Merge Tracking Design

*** UNDER CONSTRUCTION ***

Subversion's merge tracking uses a layered design, with the user-visible operations based primarily on the information from the merge history.

Merge History
Data Structures
Merge Operations (TODO)
Audit Operations
Other Operations (TODO)

Merge History

Or, Tracking What Revisions Have Been Merged Where provides the information used by Subversion's merge tracking-related capabilities (history sensitive merging, etc.). The design is based on Dan Berlin's proposal (Message-Id: <1146242044.23718.1.camel@dberlin0-corp.corp.google.com>), and subsequent edits.

Goals

The goal of the Merge History portion of the design is to track the information needed by the operations outlined by the majority of the use cases (e.g. the revision numbers being merged by a merge operation), and keeping this information in the right places as various operations (copy, delete, add, etc.) are performed. This portion of the design does not encompass the operations themselves.

The goals:

To be able to track this down to what files in a working copy and be able to determine what files have had what revisions merged into them.
To not need to contact the server more than we already do now to determine which revisions have been merged in a file or directory (e.g. some contact is acceptable, asking the server about each file is not).
To be able to edit merge information in a human-readable form.
For the information to be stored in a space efficient manner, and to be able to determine the revisions merged into a given file/director in a time efficient manner.
Still getting a conservatively correct answer (not worse than what we have now) when no merge info is available.
To be able to collect, transmit, and keep this information up to date as much as possible on the client side.
To be able to index this information in the future order to answer queries.

Non-goals for the 1.5 design include:

Doing actual history sensitive merging. Subversion does not yet have sufficient support for creation of fully accurate changeset graphs, which are necessary to handle cyclic merging (e.g. of so-called "reflected" revisions, also known as repeated bi-directional mergeing). For details on this problem (caused by lack of tracking of multiple parents for a change), see this discussion thread, and especially this follow-up.
Curing cancer (aka being all things to all people).

Information Storage

The first question that many people ask is "where should we store the merge information?" (what we store will be covered next). A merge history property, named SVN_PROP_MERGE_INFO (e.g. svn:mergeinfo) stored in directory and file properties. Each will store the full, complete list of current merged-in changes, as far as it knows. This ensures that the merge algorithm and other consumers do not have to walk back through old revisions in order to compute a complete list of merge information for a path.
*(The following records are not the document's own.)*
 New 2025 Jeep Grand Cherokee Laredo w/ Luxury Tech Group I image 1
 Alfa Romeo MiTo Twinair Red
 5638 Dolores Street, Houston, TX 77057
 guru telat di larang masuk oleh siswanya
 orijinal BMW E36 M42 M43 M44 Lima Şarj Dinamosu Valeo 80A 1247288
Directly merged into the item means changes from any merge that have affected this path, which includes merges into parents, grandparents, etc., that had some affect on the path.
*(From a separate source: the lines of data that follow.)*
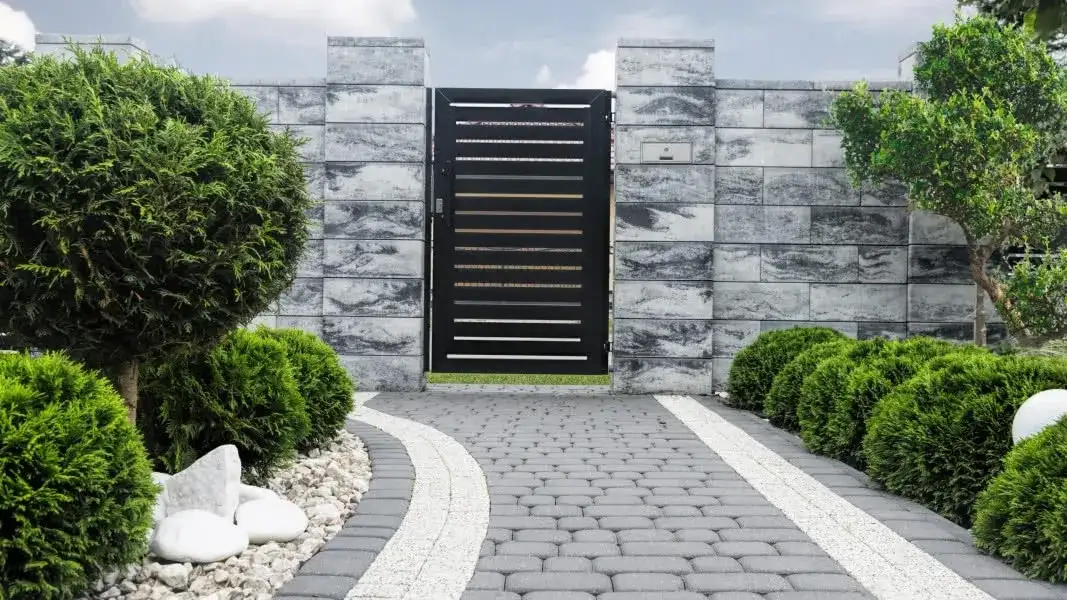 Ogrodzenie kaskadowe jak wykonać - uniknij najczęstszych błędów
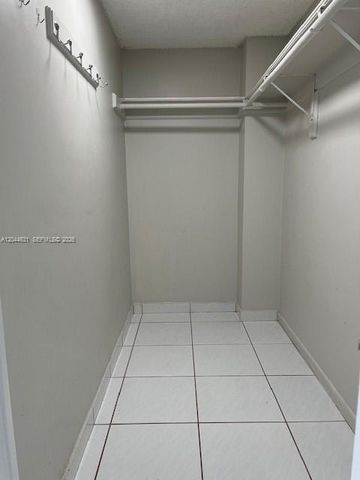 8540 SW 133rd Ave Rd 123, Miami, FL 33183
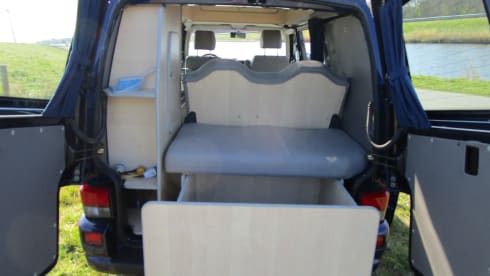 Super nice VW T4 2.5 TDI for a wonderful camper holiday.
Doing this storage of complete information at each point makes manual editing safe, because the changes to a path's merge info are localized to that path.
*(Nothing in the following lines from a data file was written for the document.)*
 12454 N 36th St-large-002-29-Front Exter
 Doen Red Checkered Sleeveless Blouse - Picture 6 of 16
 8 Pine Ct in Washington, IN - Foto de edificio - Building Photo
However, as a space optimization, if the information on a sub-directory or file is exactly the same as the merge information for its parent directory, it may be elided in favor of that parent information. This eliding may is done on the fly, but could also be done during a postpass (e.g. a svnadmin mergeinfo-optimize). Eliding information means that an implementation may have to walk parent directories in order to gather information about merge info (however, this may have been necessary anyways). It is expected that directory trees are not that deep, and the lookup of merge info properties quick enough (due to indexing, etc.), to make this eliding not affect performance too much.

Eliding will never affect the semantics of merge information, as it should only be performed in the case when it was exactly the same, and if it was exactly the same, it could not have had an effect on the merge results.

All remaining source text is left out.